It was Faith’s lucky day, again.
The dark brown, mixed breed, 50-pound dog with a bad hip has severe storm anxiety and when a brief afternoon squall hit the Gulfport area quickly on Monday, October 8, she broke through a secured cabin on her owner’s boat and jumped overboard, said Lithia Castillo, a neighboring liveaboard who anchors her craft in Boca Ciega Bay just off the municipal beach.
In addition to owning four cocker spaniels of her own, Castillo works with dogs everyday as part of her job and often provides them with training. She is a retired physical therapist and has been rescuing dogs for about 15 years.
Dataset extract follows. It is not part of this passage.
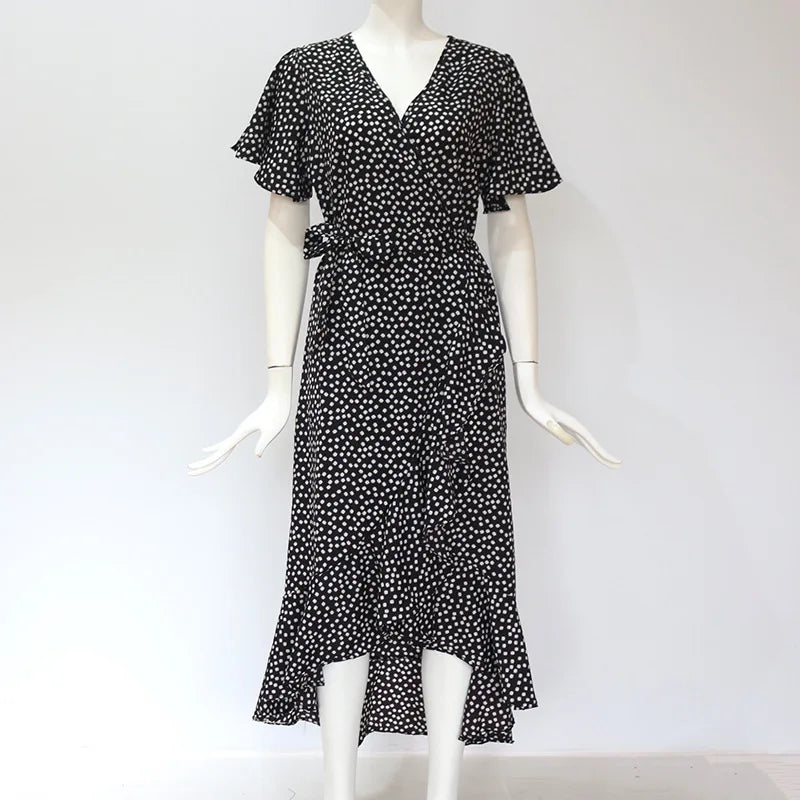 Summer Beach Maxi Dress Women Floral Print Boho Long Chiffon Ruffles Wrap Casual V-Neck Split Sexy Party Robe Femme - The Eggy's store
“When dogs have storm anxiety, they get strength from I don’t know where,” said Castillo. “They can tear up anything like a door or hatch. They can jump over anything.”
Faith has jumped ship about three times before, said Melissa Branham, another local liveaboard.
And, though she was successfully rescued, it was not until after she had done her doggie paddle for at least a mile and over the timespan of about an hour, said Castillo.
Faith’s owner used to anchor his crawler, a type of motor cruiser, next to the other boats and when she would jump overboard, she would swim to the other boats, said Castillo. “Now, he’s at least a mile out away from the other boats.”
When she jumped ship on Monday, “luckily, she went towards shore,” said Castillo. “The rescue had a happy ending but it could have been a lot worse. It took shear willpower on her part” to survive.
According to an assistant at the Gulfport Municipal Marina, at around 4:30 p.m. on Monday, a man from the Diplomat building in Town Shores called to report that a dog was swimming at some distance from the seawall of the condominium complex. The caller said that a man was also in the water attempting to rescue the animal.
At that same moment, Gulfport Police Officers Cory Smith and Tim Carter were in the marina’s office preparing to take the police boat out into the bay to address a different situation relating to a boat with an anchoring issue.
All because of the short, intense weather event.
The National Oceanic and Atmospheric Administration’s weather reports for Monday afternoon document that winds in the area were measured out of the east at 14 to 15 mph with gusts from 21 to 23 mph.
There was wave action in the bay that Faith had to swim through in order to get close to shore, said Castillo.
When Faith managed to swim near to the seawall of Town Shores, numerous people attempted to assist one man in the water with her rescue, said Rosa Carlisle, a resident in the Diplomat building who witnessed most of the action.
“I was watching TV and I turned around and saw this man swimming pretty far out with a black object behind him. When he got close to it, it would swim away from him,” said Carlisle. “I got my binoculars and saw it was a dog.”
One person on the shore tried to coax the dog toward the seawall by talking to it, said Carlisle. A second person tried to use a net and a third lowered a ladder into the water.
Faith is fearful of people she does not know and therefore would not allow herself to be rescued, said Castillo.
“We found the dog about 30 feet from the seawall,” said Officer Carter. “We just had a catch pole and were trying to get it around the dog’s neck to pull it into the boat. A man who knew the owner of the dog came over and helped us in his dinghy.”
That was Marcus Mendez, said Branham. Mendez, a local liveaboard, also knows Faith. And, that was the key to her rescue.
“He grabbed the dog by its collar and abdomen and pulled it into his boat,” said Carter.
Once the police arrived on scene, Faith was rescued in about 10 minutes, said Carter.
Castillo babysat the rescued dog until the owner returned.
No charges were filed in the incident, said Gulfport Police Sergeant Thomas Woodman on Tuesday.
Woodman talked to the owner by phone and said he does not want to be identified and does not want to talk to the press.
“I’ve told not to leave her on his boat” when he goes to shore, said Castillo.
When Castillo texted the owner on Monday, she found out he was in Tampa and was trying to find a ride back to Gulfport.
“I told him to not leave her alone,” said Castillo. “Bring her to one of us and anchor closer in so that we can keep an eye on her. She’s an extraordinary dog. Very nice.”